Il rischio di avere vent'anni

Si corrono inevitabilmente dei rischi facendo un giornale come questo, specialmente se è un numero unico: o si scade nella goliardia o nel parrocchiale per voler essere ridanciani e spiritosi ad ogni costo, o si diventa declamatori e trionfalisti del genere governativo, inaugurazione - trafori - e autostrade (« le ambite mète, i traguardi conseguiti, la ferrea volontà realizzatrice, le ardite speranze», ecc.), o, infine, si rende il giornale praticamente illeggibile, trasformandolo in un regesto di fatti e di note contabili, una specie di secca e noiosa partita doppia con tanto di entrate e di uscite e magari con un piccolo saldo attivo da utilizzare l'anno prossimo in spari, bande musicali e luminarie.

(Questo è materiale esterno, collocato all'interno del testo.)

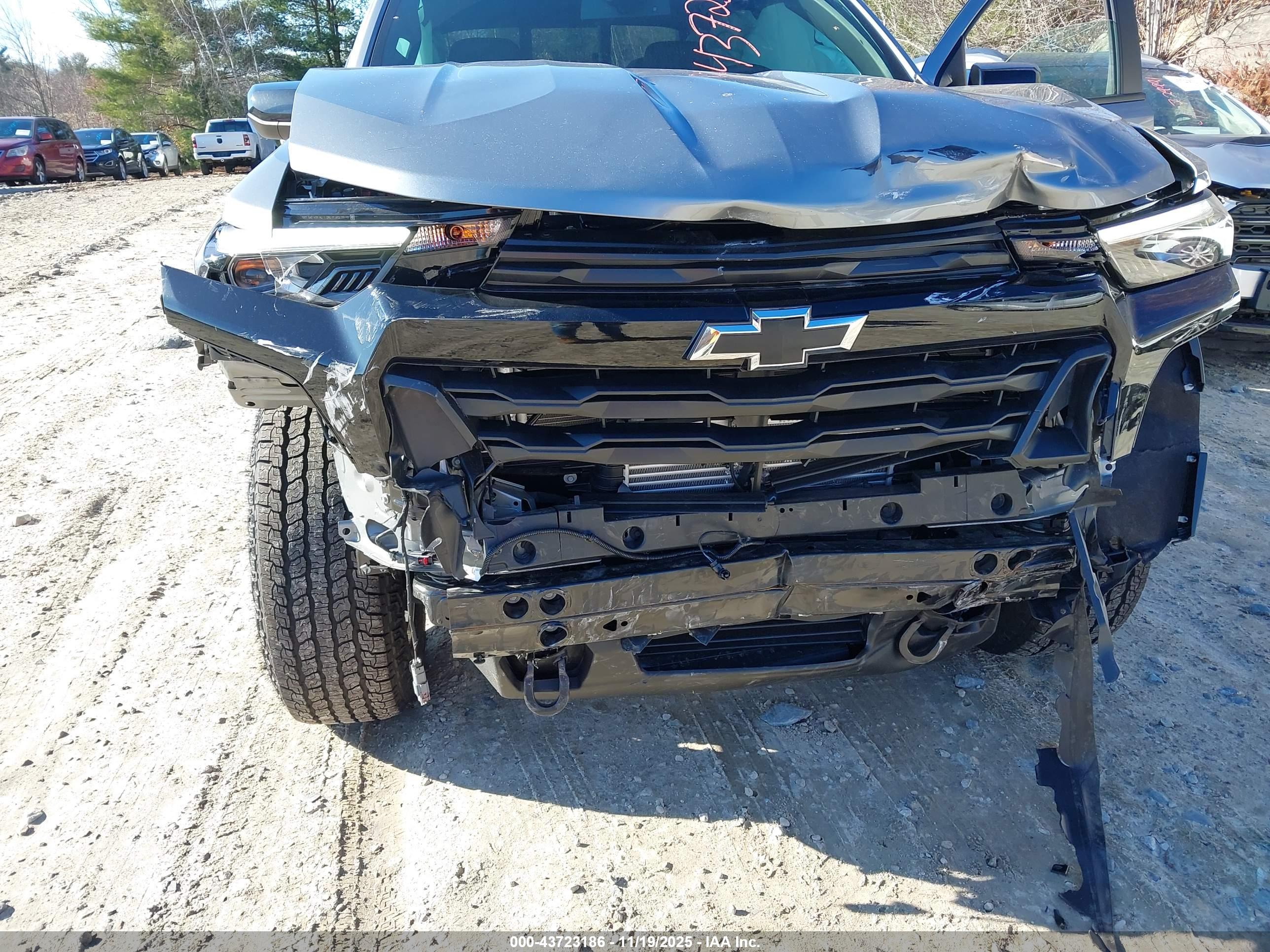 CHEVROLET COLORADO image 6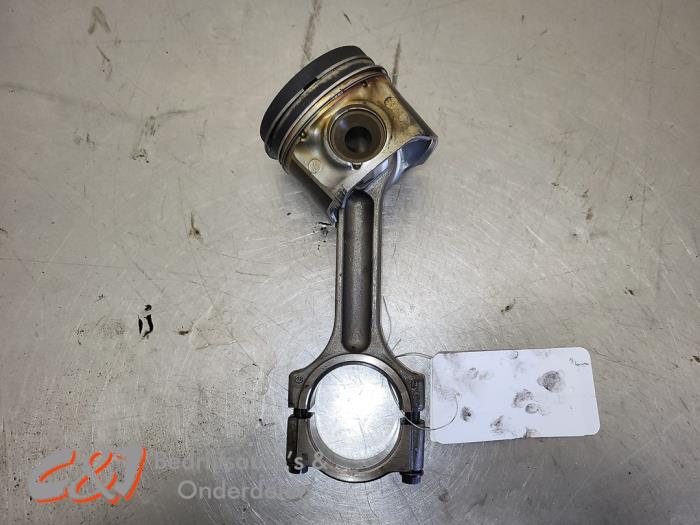 Usados Pistón Opel Movano 2.3 CDTi Biturbo 16V RWD Precio € 52,50 Norma de margen ofrecido por C&J Bedrijfsauto's & Onderdelen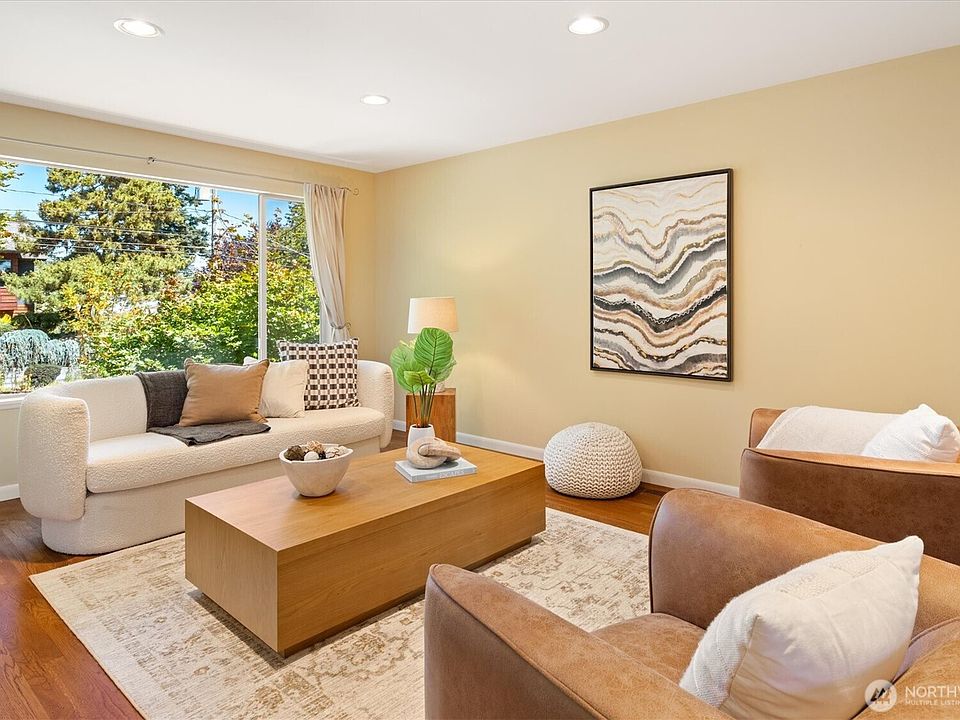 どこかのつくえ 745 N 97th Street, Seattle, WA 98103 | Zillow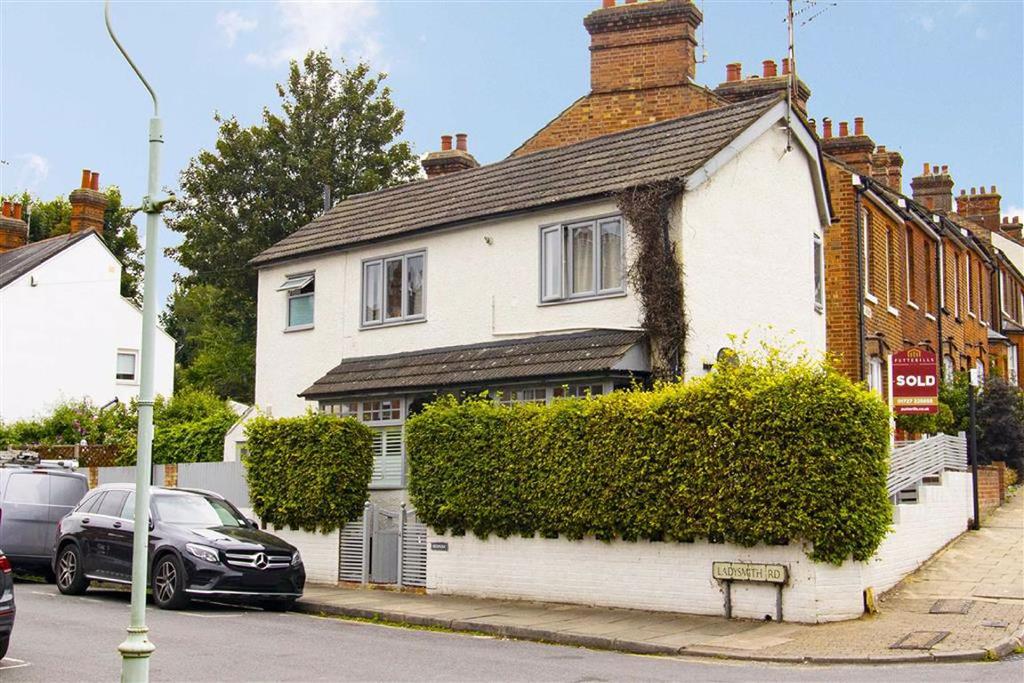 Ladysmith Road, St. Albans... 2 bed detached house £585,000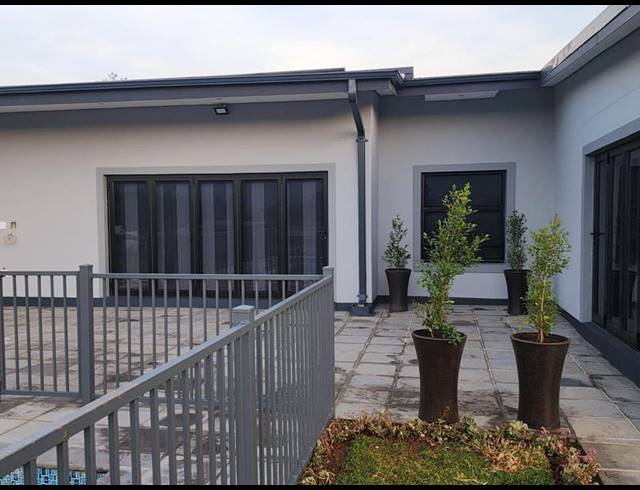 3 BEDROOM HOUSE FOR SALE IN MONTROSE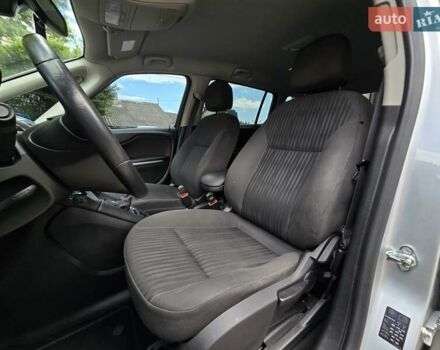 Серый Опель Zafira Tourer, объемом двигателя 1.6 л и пробегом 218 тыс. км за 10500 $, фото 19 на Automoto.ua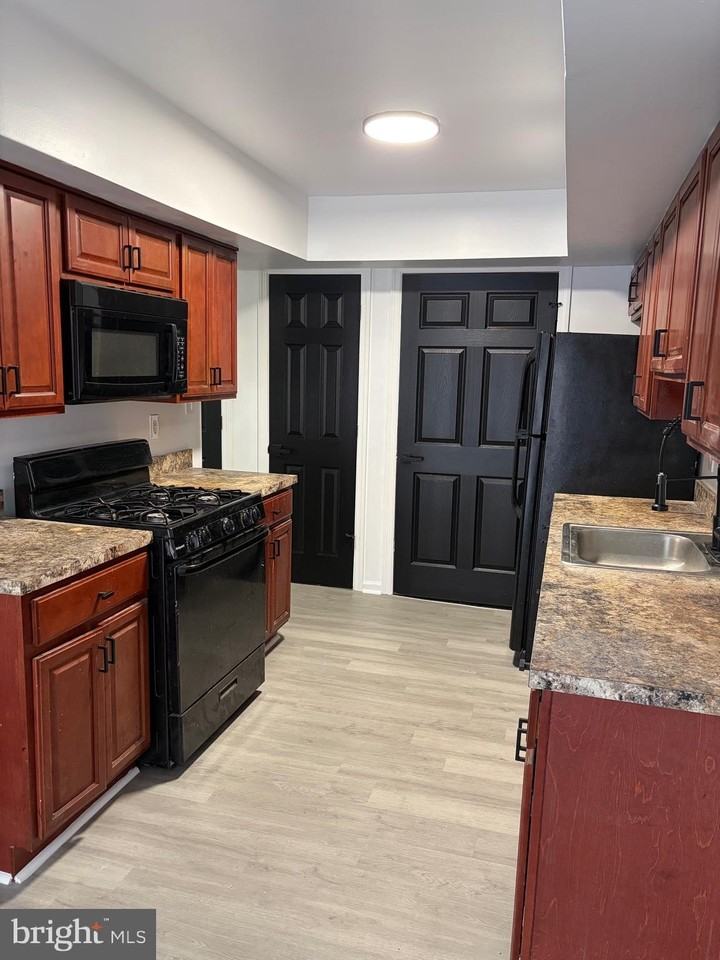 14 Lyric Ct - Photo 5 of 12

Vogliamo darci delle arie? Diamocele, dunque, e diciamo chiaramente (né iattanza né umiltà) che corriamo volentieri quei rischi con incosciente serietà, preoccupati solo di dare a chi legge un « prodotto bilanciato », cioè una calibrata miscela di ingredienti apparentemente eterogenei, per dire (è la prima volta nella storia!) qualche cosa su questo paese, sulla sua gente e la sua storia, fornendo informazioni precise ma anche motivi di umorismo e di riflessione, bilanci contabili e ipotesi di programmi, cronache un po' leggendarie e spavalde e rivelazioni di prima mano.

Non potevamo certo sostituirci alla stampa tradizionale né surrogare — in otto paginette — la saggistica di stampo universitario saccente e serioso; non si viene a cercare qui l'ultima notizia di cronaca o la dotta analisi strutturale della lingua degli Equi preromani, in relazione al corrente « parlato » sorbese. Tuttavia, se i mezzi di comunicazione di massa provvedono a soddisfare largamente la domanda di notizie (magari distorcendole o adattandole agli interessi di chi le fornisce e di chi le porge), questo giornale ha il dovere di

« raccontare », sia pure in pezzi sintetici e non ordinati fra loro, quando e come nasce, si forma, cresce, decade, ma ancora regge, una contrada dì poche case e di pochi abitanti (da un minimo di ventuno a un massimo di trecentoottantasei), che cosa rappresenta nel territorio di cui fa parte, chi e quando neparlò in pubblicazioni, atti pubblici e in documenti d'altro genere, quale collocazione ebbe storicamente nel tempo, maiuscola o minuscola che possa essere stata.

Si è trattato in sostanza di mettere insieme una serie di fotogrammi, da guardare separatamente, ritagliati con libertà frettolosa da un film più ampio, sistematico e divertente, cioè dal libro che non siamo riusciti a pubblicare in tempo utile e di cui diamo notizia in altra pagina.

E' anche un atto d'amore verso questa gente scontrosa e taciturna, il mantenimento di una lontana promessa al nostro struggente « posto delle fragole », tornavamo qui un tempo, a lunghi intervalli, a rivedere « qualcuno », scolorivano nel fumo dei camini, tra le pietre e le strade di polvere e fango, nell'odore delle stalle e del pane sfornato, i cascami di un mondo che ci sembrava tutto nostro per diritto di preda.

Infine, è una sfida all'indifferenza e magari all'ironia di chi ci accusa di amare troppo « certe cose », la colonna miliaria, il cenotafio romano, il monumento ai caduti, la fontana, ma non sa offrirci un'alternativa che non sia il « benessere », padre di un robot che si chiama progresso, nonno di un mostro che ha nome consumismo.

Noi non siamo gli ultimi apostoli ostinati di una religione morente, i conservatori di un museo di ricordi, i nostalgici di remote, ipotetiche verginità, al contrario. siamo gattopardi, ma vincitori, abbiamo sempre vent'anni, la nostra fioritura è perenne, divoriamo pane e vita ogni giorno, portiamo pochi «messaggi» ma immense riserve di amore corale.